DATASET CONTENT:
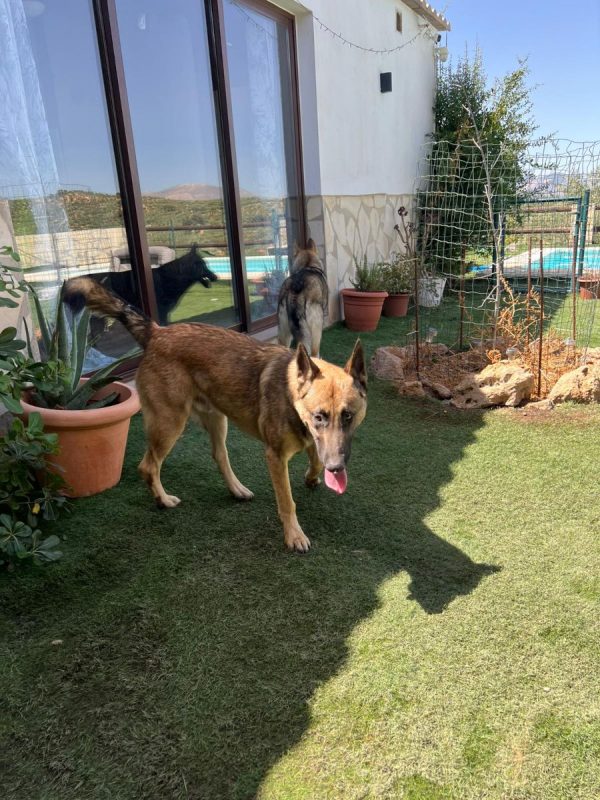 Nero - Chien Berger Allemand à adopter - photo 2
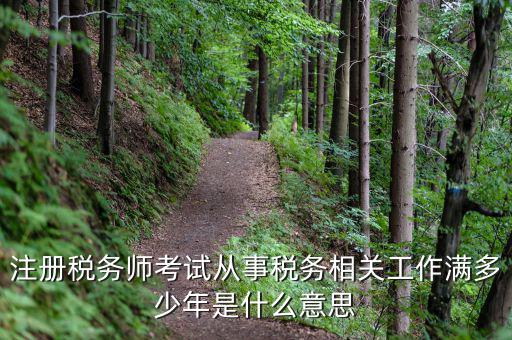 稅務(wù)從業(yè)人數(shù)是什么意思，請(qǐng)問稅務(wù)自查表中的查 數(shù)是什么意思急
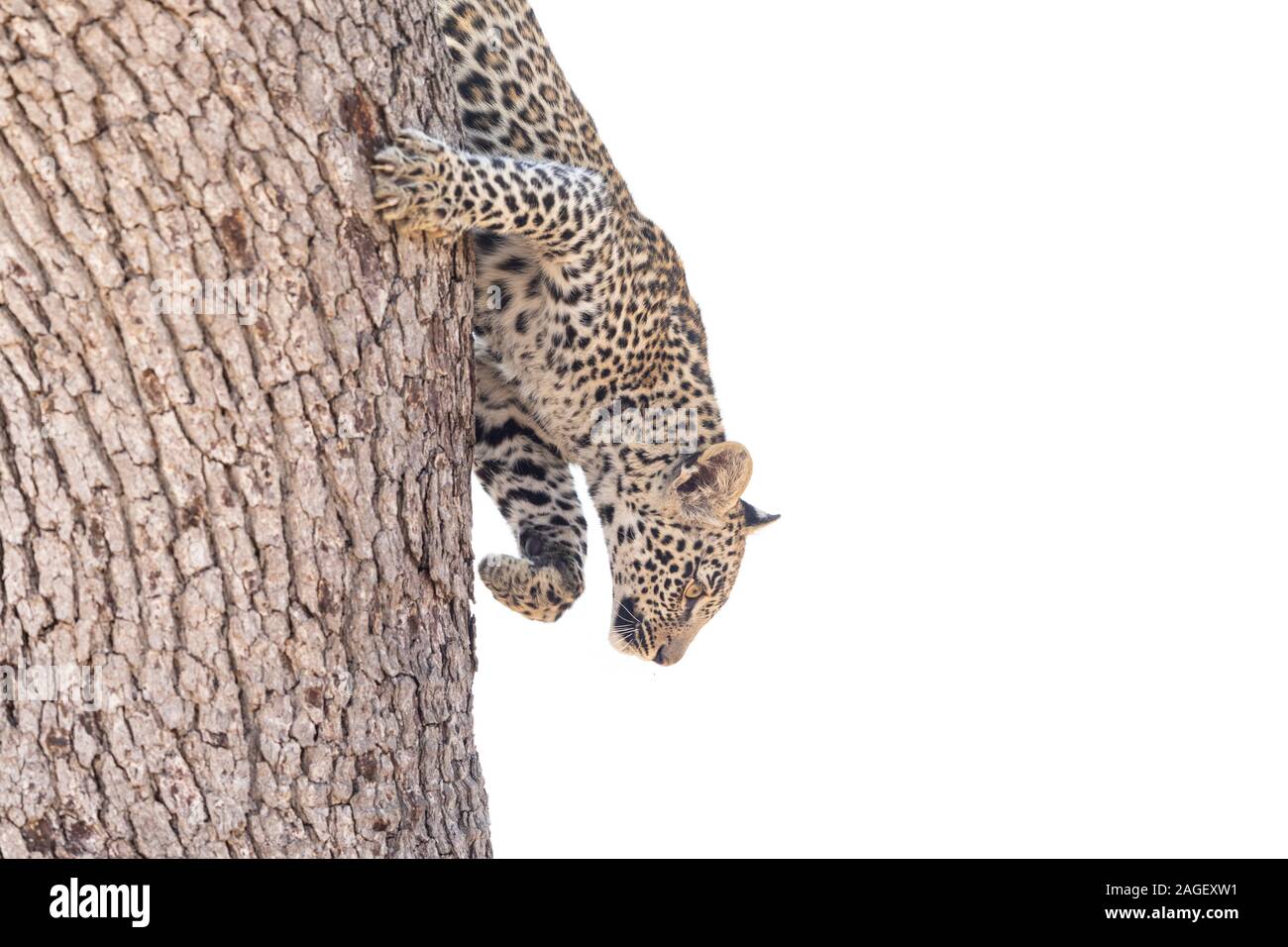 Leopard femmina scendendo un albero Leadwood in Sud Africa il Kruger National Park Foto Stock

PROBLEM DETAILS:
The answer should contain only the lines from the one with "稅務(wù)從業(yè)人數" through the last line of the material, given word for word and without pictures.

ANSWER FOR THE TASK:
 稅務(wù)從業(yè)人數(shù)是什么意思，請(qǐng)問稅務(wù)自查表中的查 數(shù)是什么意思急
 Leopard femmina scendendo un albero Leadwood in Sud Africa il Kruger National Park Foto Stock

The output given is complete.